Anyways, back to my point, what I was doing was placing all my attention on myself for one, and then I was also trying to solve kingdom sized problems, with mans solutions. The two do not mix well...as I found out, and so out went my joy and in came fear and dissatisfaction. I just have to stop as a side note here, and say this..MY POOR HUSBAND! He has to walk this twisted path with me, and continually has patience beyond belief, and I just want to thank God for Him in front of all of you who read this, because I know I am by no means an easy person to live with. For those of you are are husbands out there reading this, take heart, and realize the job you do supporting your wives, will not go unnoticed, and to the wives who are reading this, take time to thank your husbands for their patience with you!

Moving on! So as I sat in my class today and began to pray, confess and ask the Lord for HIS guidance in this, rather than the folly of my own hearts desires...they lead me no-where but down! And I told the Lord quite plainly, "I trust you, your sovereign way, and you, only you Lord, know best!" And I mean it.

The other thing that steals our joy when we are in these places, or at least it does for me, is that when our eyes are focused on "us" and our own solutions for our own problems, we forget to do something that's real huge: praise God.

We may feel like there is not much to praise Him for, and sometimes, situations are so bleak, it feels that way, but friend, if you are there, take heart!
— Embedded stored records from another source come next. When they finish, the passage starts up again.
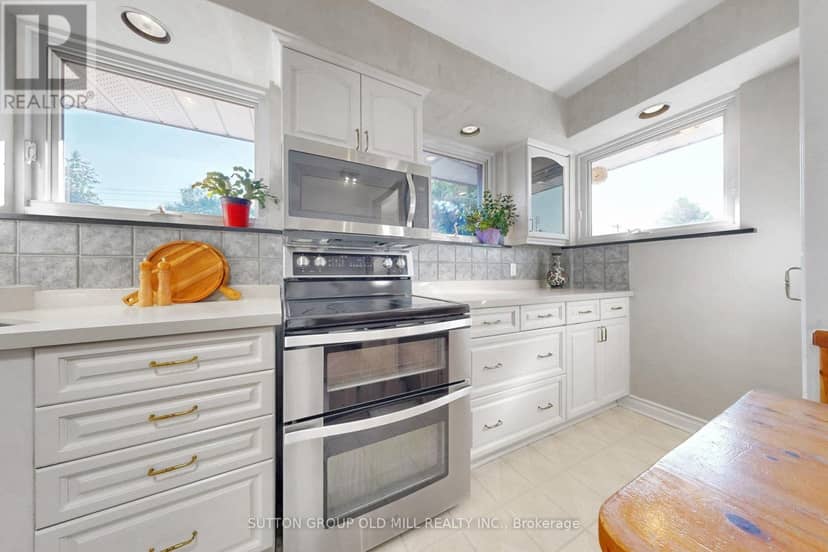 4 Ravenscrest Drive — photo 11 of 40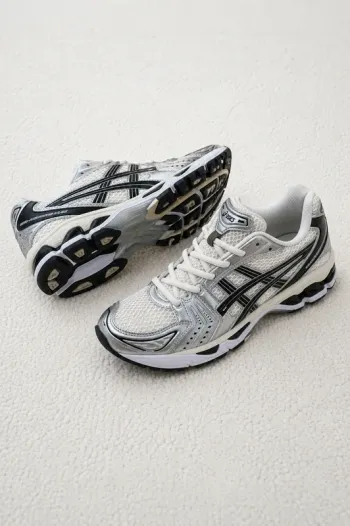 Clean Gel Kayano 14 Running Shoes d'occasion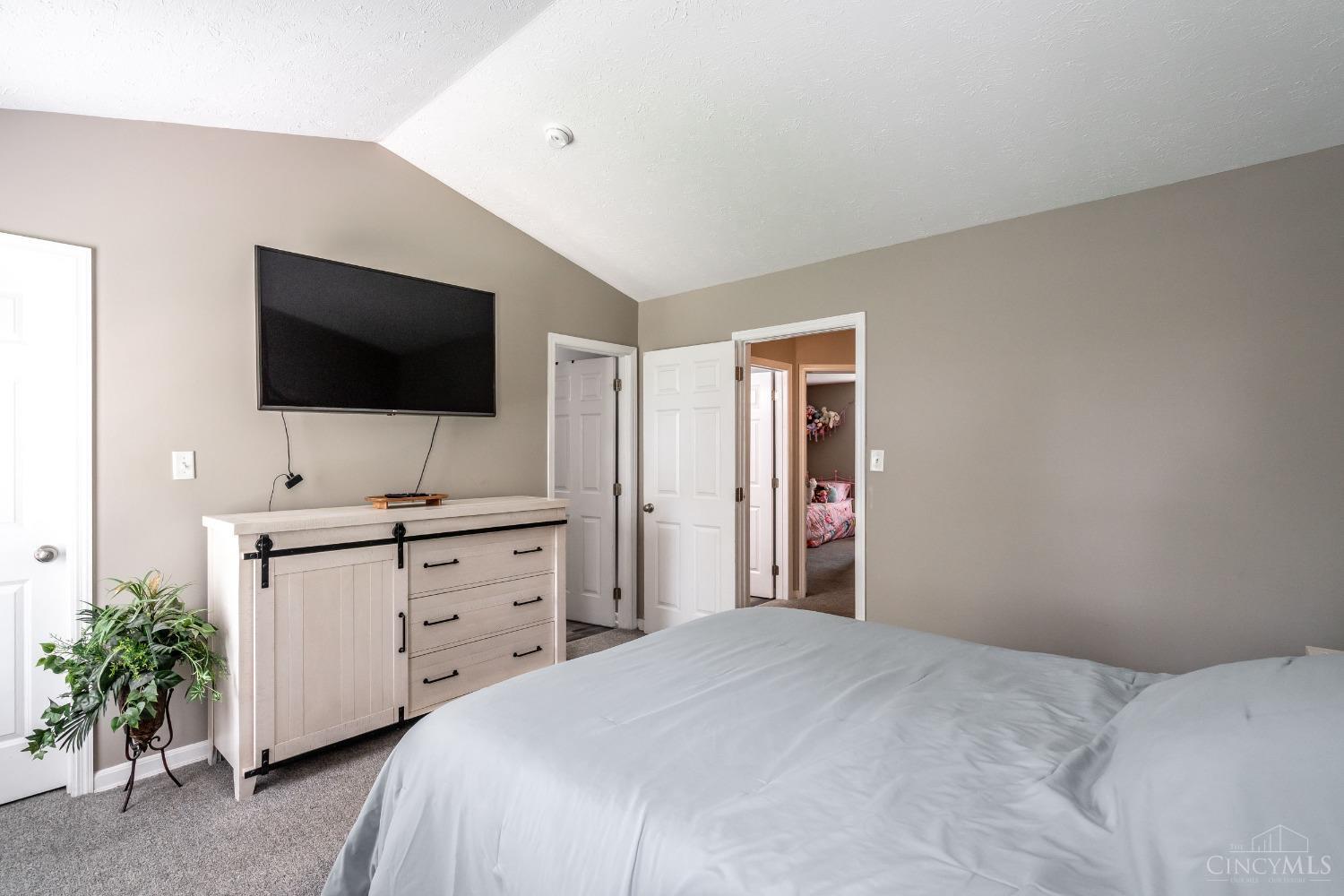 515 Meadowview Place, Trenton, Ohio image 31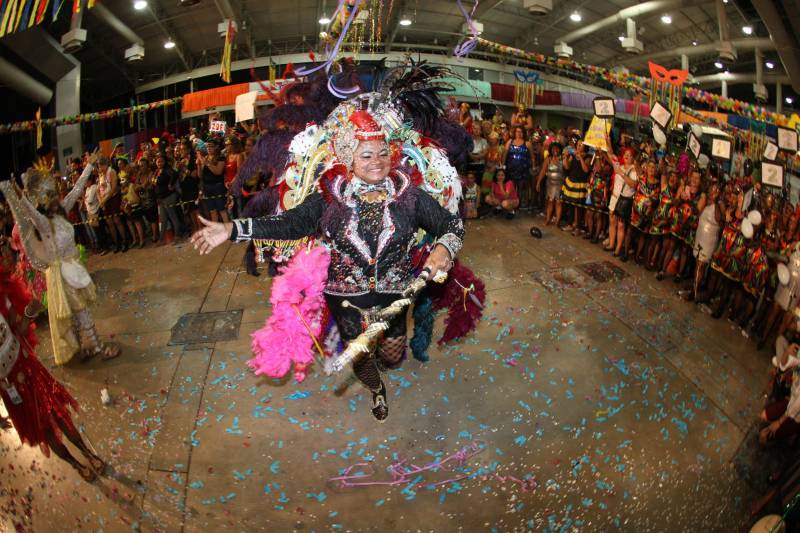 Mais de quatro mil idosos caíram na folia na tarde desta quarta-feira (7), durante o 18° Baile Carnavalesco da Melhor Idade, do projeto Vida Ativa, executado pela Secretaria de estado de Esporte e Lazer (Seel). Uma das grandes atrações foi o concurso que escolheu a “Rainha das Rainhas” da terceira idade, título que este ano ficou com a candidata Lindaura Cardoso, de 63 anos.
FOTO: CARLOS SODRÉ / AG. PARÁ
DATA: 07.02.2018
BELÉM - PARÁ <div class='credito_fotos'>Foto: CARLOS SODRÉ / AG. PARÁ | <a href='/midias/2018/originais/70f7e22b-4292-4311-8938-643813a8045f.jpg' download><i class='fa-solid fa-download'></i> Download</a></div>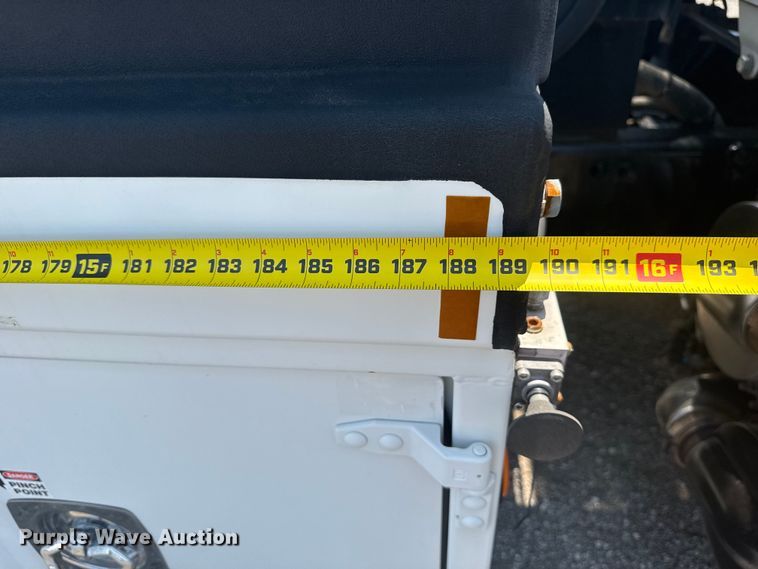 image for item EG6110 2013 Freightliner Business Class M2 fuel / lube truck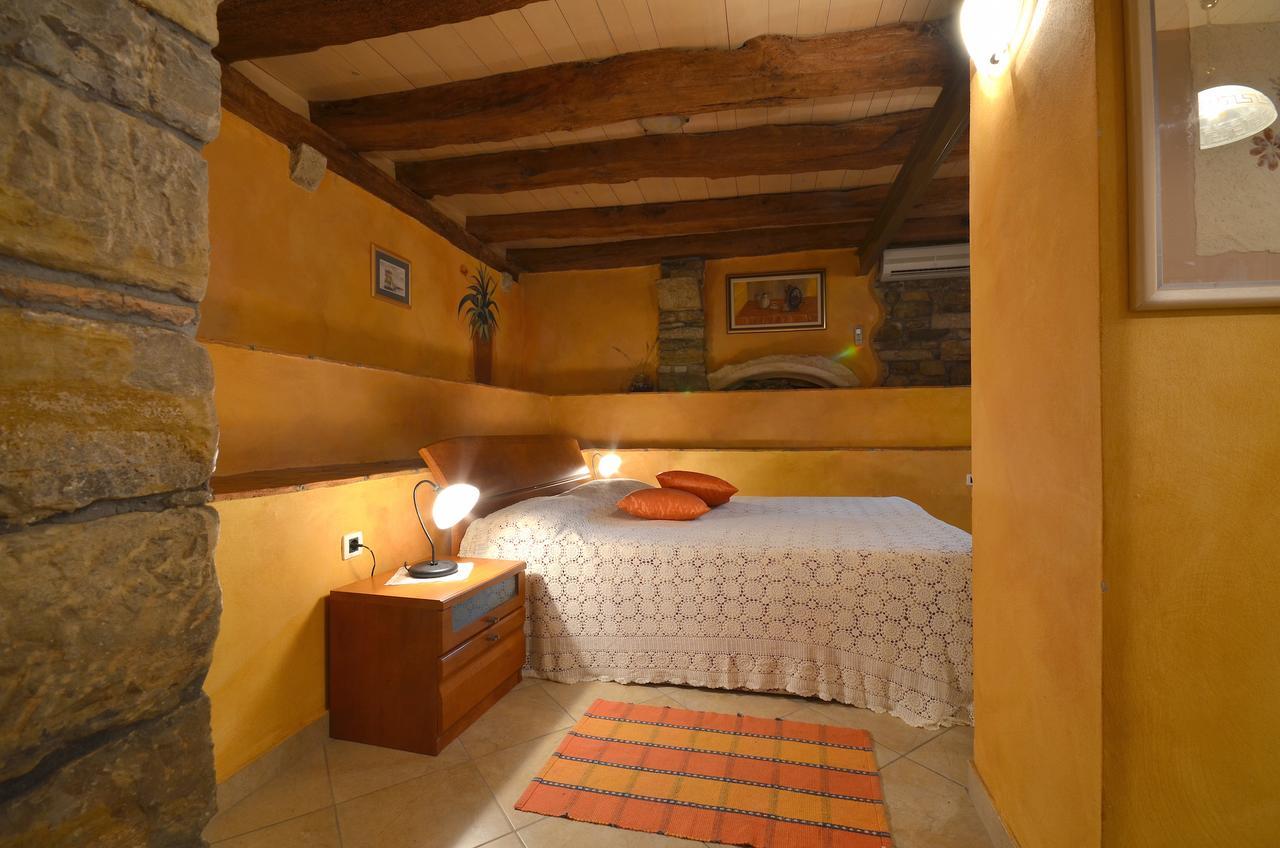 Bella Vista Apartments Motovun Eksteriør billede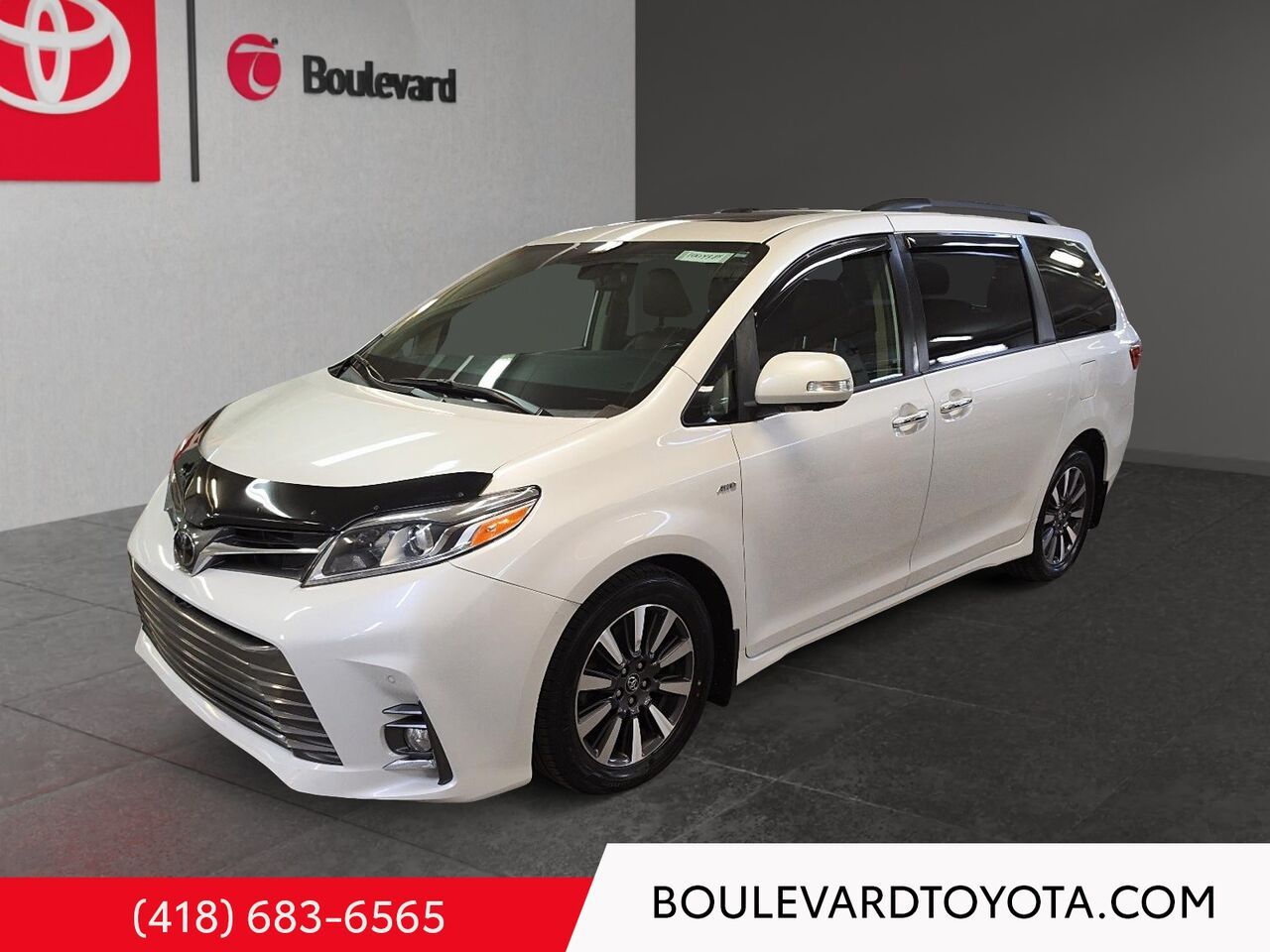 White 2020 Toyota Sienna Minivan All-Wheel Drive Automatic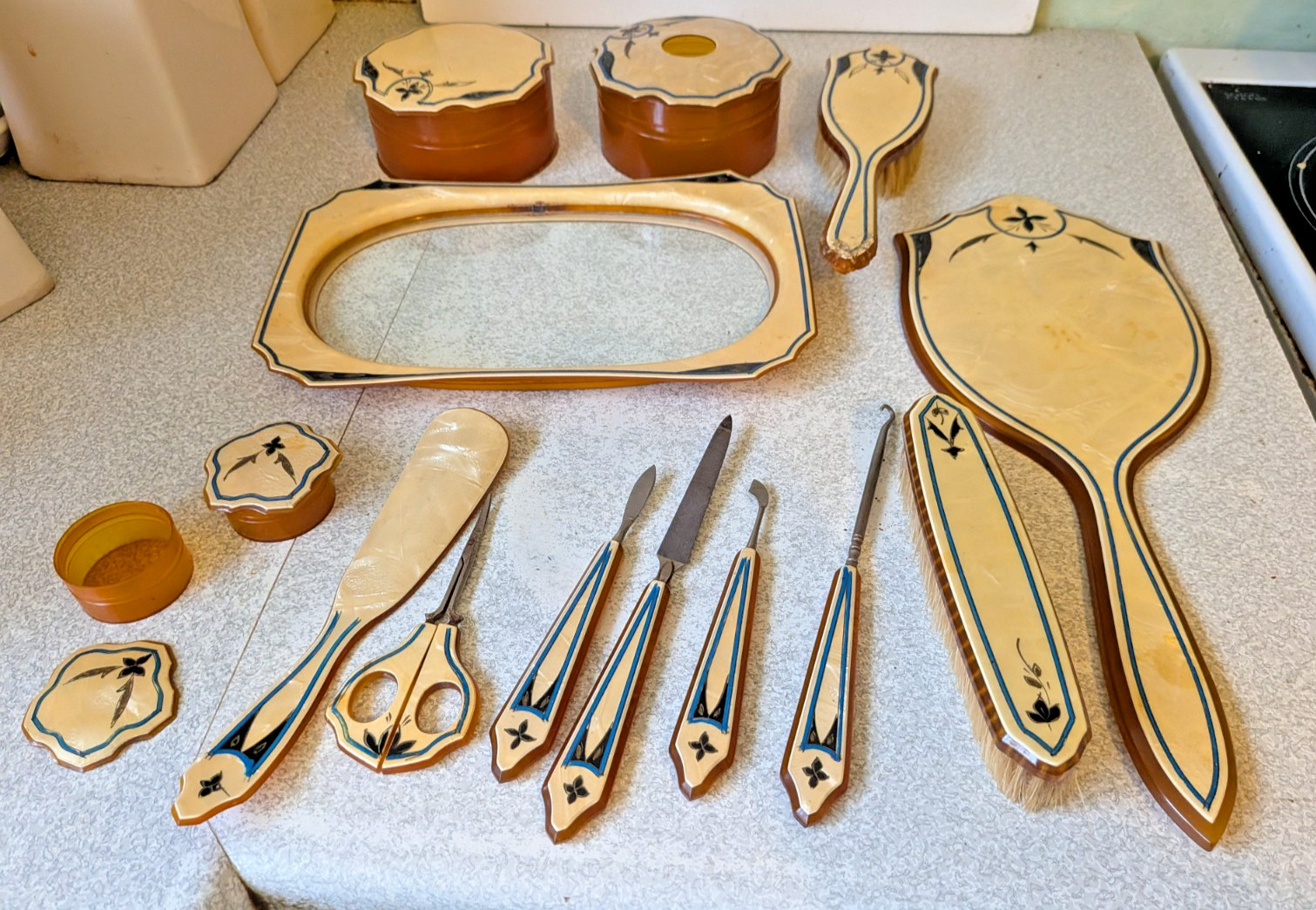 LOVELY VINTAGE SET OF BAKELITE / CELLULOID VANITY SET MIRROR TRAY ETC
God does not expect you to say thank you for pain in your life, but you can praise Him for who He is, the strength He has, and the promises your future holds! He has promised us heaven, peace, and eternal life with Him...

And that alone gives us at least one thing to praise Him for, and I know, there is more that will come to your heart as you tell Him your honest desire to praise Him in the storm. He is a God who cares for His sheep, and He also knows His sheep's limits. He has grace beyond belief, and understanding beyond our wildest imaginings. So don't for one second think that He is judging you for your down-cast face. He merely desires to lift your chin, put a bounce in your step and song in your heart, because the night lasts for only a time, and then comes the dawn.

This is the message I felt in my soul today as I listened to my class teacher, that my ability to praise, does not come from the circumstanes of my present situation. I will always have pains that come and go, but my God is forever, and promise of peace, joy and eternal contentment remain regardless of how the tides of earth change. Isn't that a comforting thought?

And the idea that as believers, we can have peace right here, right now. And the only reason we do not is because we allow the pressures of this world, the enemy of this world to come in and snatch up our peace and joy.

When I was at my worst at the beginning of my pregnancy, and I was so sick I could hardly lift my head from the floor, I had a hard time remember that truth. But through His words, and the words He gave others to speak to me, slowly even through the sickness, I found some glimpses of hope and yes, even joy.

Not by my doing! God is a God who cares, and He cared as I hung over the toilet so sick and unable to function. And now, He has brought me up out of yet another dark place, to let my eyes rest on His light, and His hope. And guess what? My trust in Him, also feels restored. My faith in His sovereignty, restored! My joy for the future? Restored!

His promises are true, and He is, regardless of my circumstances, worth of thanksgiving and praise! I am convinced. Are you? I pray my testimony is an encouragement to you, of His great faithfulness, and how the JOY of the LORD is my STRENGTH! (and yours!)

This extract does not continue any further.